Work item
When you reach the line containing "Gebraucht Ford Focus", start transcribing exactly and continue through the last line of the data, skipping every picture.
++++ Input data
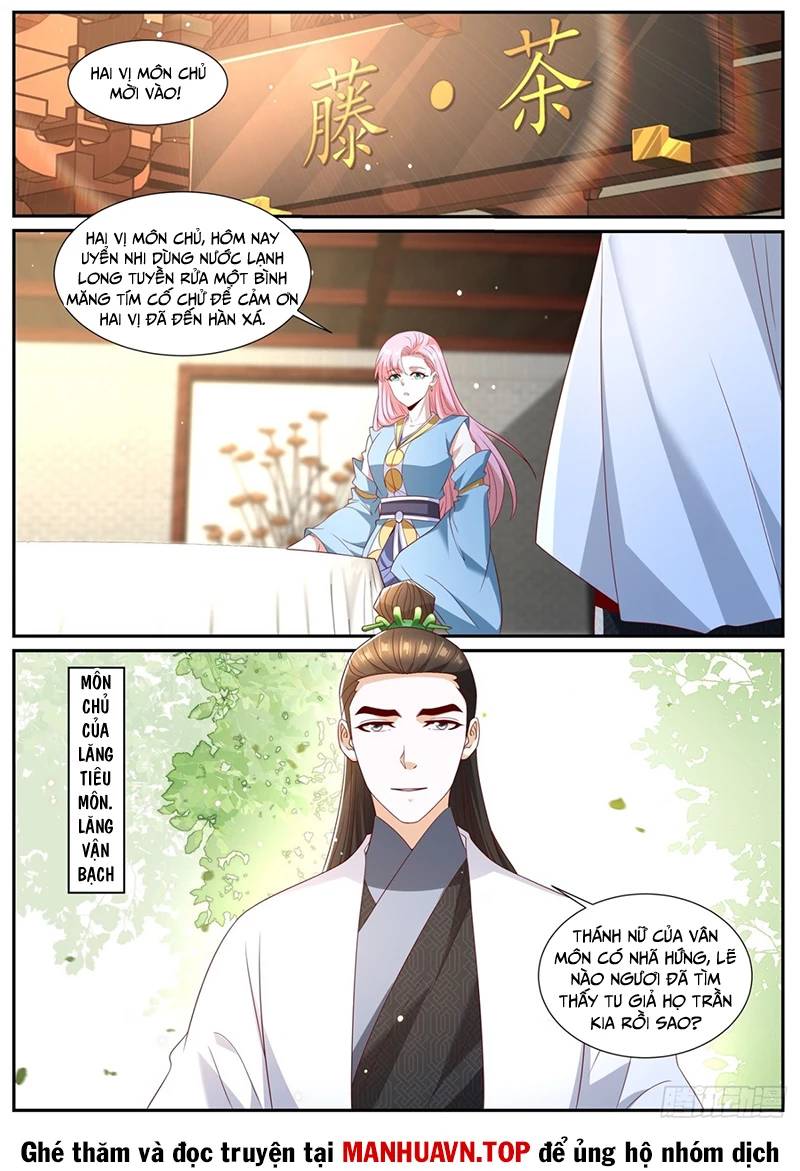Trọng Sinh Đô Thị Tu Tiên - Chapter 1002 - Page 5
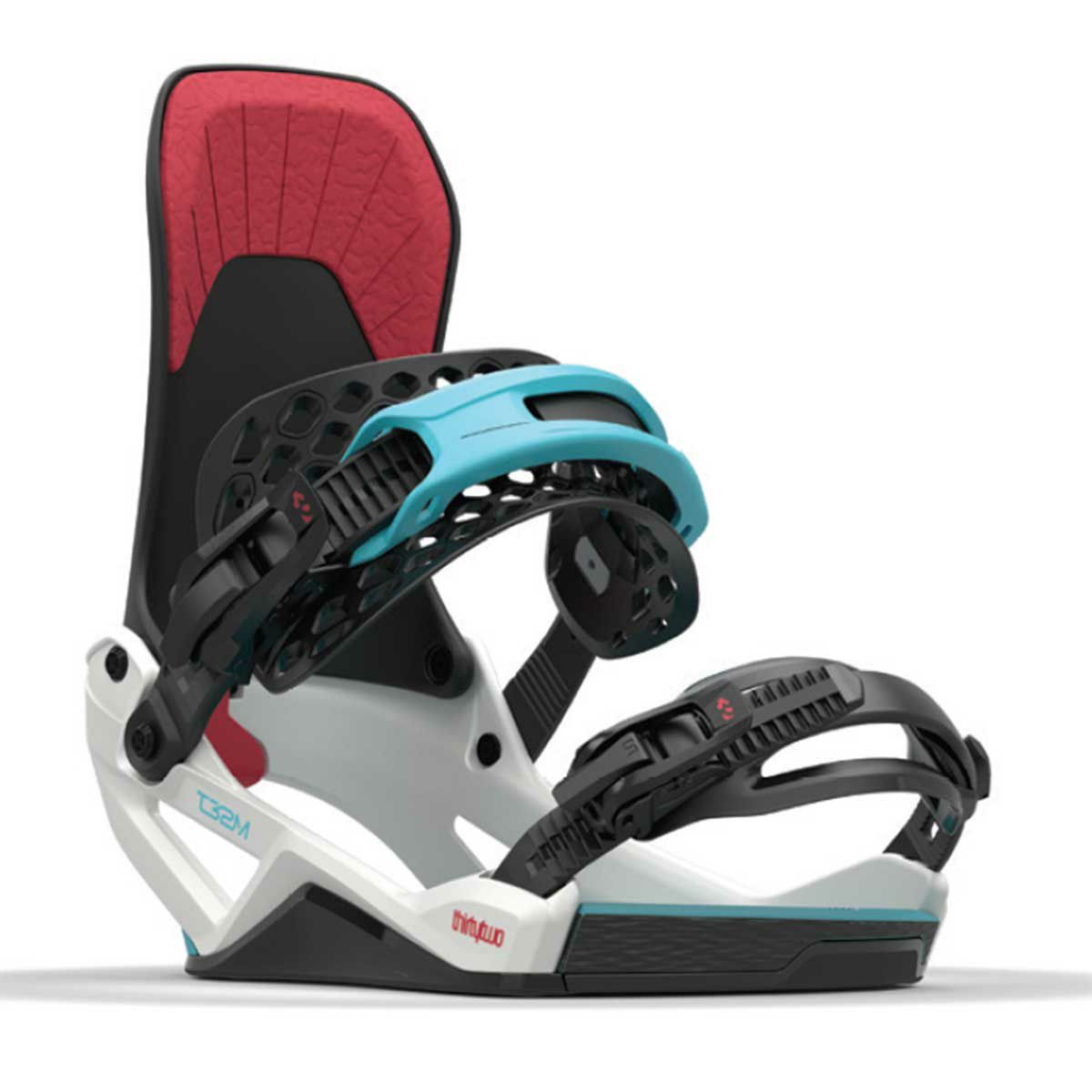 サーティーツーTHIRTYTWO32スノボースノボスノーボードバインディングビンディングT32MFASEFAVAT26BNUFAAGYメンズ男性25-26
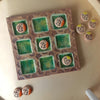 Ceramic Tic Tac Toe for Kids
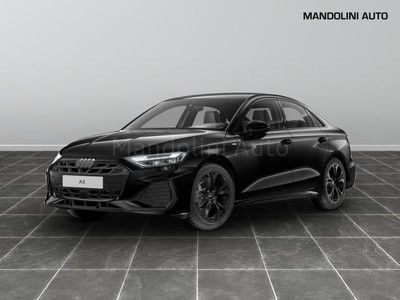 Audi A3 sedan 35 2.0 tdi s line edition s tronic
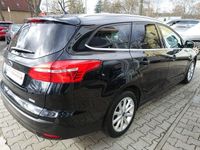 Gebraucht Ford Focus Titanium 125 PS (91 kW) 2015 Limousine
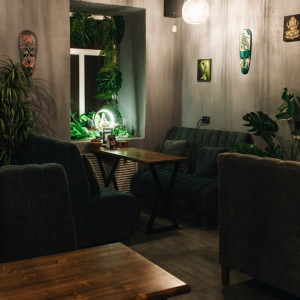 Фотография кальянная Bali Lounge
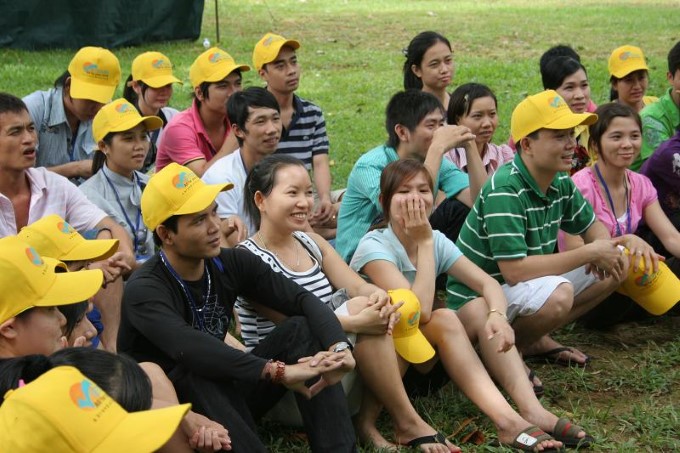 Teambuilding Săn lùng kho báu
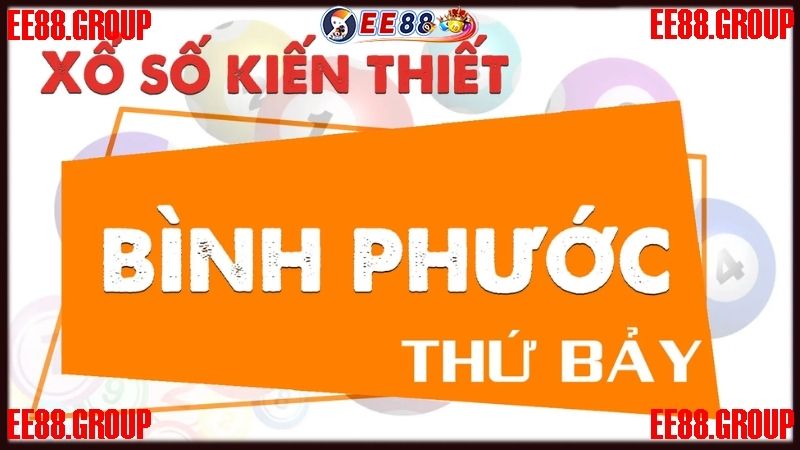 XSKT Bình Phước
++++++++
Your response
 Gebraucht Ford Focus Titanium 125 PS (91 kW) 2015 Limousine
 Фотография кальянная Bali Lounge
 Teambuilding Săn lùng kho báu
 XSKT Bình Phước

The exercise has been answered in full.